Maeve Haran - A Dama do Retrato PT (2013)

(Carla ScalaEjcveS) #1

Para espanto de Peter Lely, La Belle Stuart proferiu tal afirmação com uma piscadela de olho.
Porque seria, perguntava-se ele, que diziam que ela era ingénua, quando parecia compreender
tão bem os subterfúgios do simbolismo da corte?



  • Será a deusa virgem da caça?

  • Isso mesmo. – Frances assentiu com a cabeça, fazendo uma expressão maliciosa. – Deixarei
    as conquistas amorosas para a Lady, e correrei castamente pelos arvoredos de Whitehall,
    perseguindo apenas aqueles que sejam tão pretensiosos e hipócritas que mereçam sofrer, para os
    abater com as minhas setas.

  • Senhora – respondeu Lely com um sorriso –, então haverá poucos que escapem à fúria do
    seu arco.
    Enquanto falava, o pintor ia começando a trabalhar, delineando o rosto de Frances em giz
    numa folha.
    Quando terminou, mostrou-lhe como estava semelhante e ela assentiu com a cabeça.

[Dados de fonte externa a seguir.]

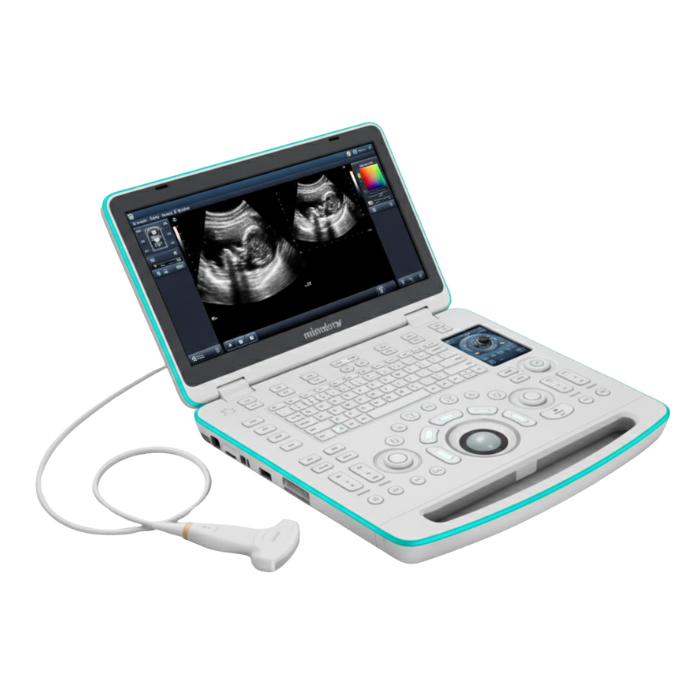 Ultrasonido portatil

  • Conseguiu reproduzir com precisão o meu nariz romano e evidenciar que tenho o lábio
    inferior mais cheio do que o superior. Mas os olhos? Não lhe parece que me dá demasiado o ar
    ensonado de Lady Castlemaine, cujos olhos fazem sempre pensar no quarto, mesmo quando ela
    está na capela a rezar?
    Lely riu-se.

  • Há quem diga que dou o mesmo olhar a todos os modelos. A fatal Barbara enfeitiçou-me
    com os seus encantos sonolentos.
    Frances estalou os dedos e sobressaltou-o.

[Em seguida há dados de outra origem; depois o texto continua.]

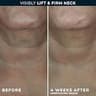 RoC Derm Correxion Firming Neck Cream with Hyaluronic Acid & Advanced Retinol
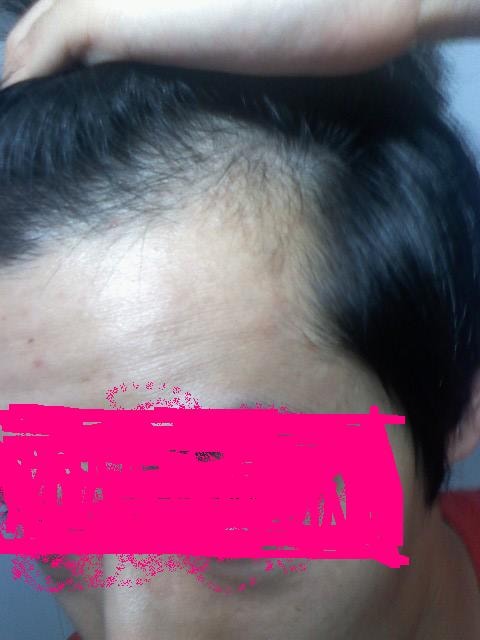 애경 에스따르 탈모샴푸 신청합니다.<접수완료>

  • Então acorde! Pois eu sou de uma raça bem distinta.
    Mestre Lely tornou a observar a sua obra e alterou os olhos, tornando-os maiores, com um
    olhar tão recatado quanto sensualmente cativante, o que capturava com exatidão o encanto
    particular de Frances.

  • Assim está melhor, pelo menos já sou eu! – elogiou-o ela.
    Ele pediu-lhe que voltasse a pousar em frente a um cenário pintado de uma floresta nublada, e
    colocou-lhe um arco na mão.

  • Segure-o na mão esquerda... assim. – Dispôs-lhe o braço estendido para que mantivesse o
    arco ao nível da cintura. – E agora, com a mão direita, apanhe o drapeado do vestido e puxe-o
    para trás, como se fosse dar um passo em frente e perseguir algum pretensioso com as suas
    flechas. Exato!
    Mais um traço de giz no papel e ele terminou, fazendo apenas uma pausa para encontrar a
    tonalidade certa do âmbar do vestido dela no meio dos muitos materiais que guardava: sedas e
    cetins, tafetás e panos de ouro, linho e veludo, em todos os tons desde violeta a escarlate, para
    poder trabalhar nos tecidos mesmo quando os seus modelos não estavam presentes.

  • Adeus, senhora. – Peter Lely fez uma grande vénia. – Não pretendo lisonjeá-la quando digo
    que foi um verdadeiro prazer; peço-lhe que regresse assim que possa, para continuarmos o
    retrato.

  • Assim farei, senhor – prometeu Frances.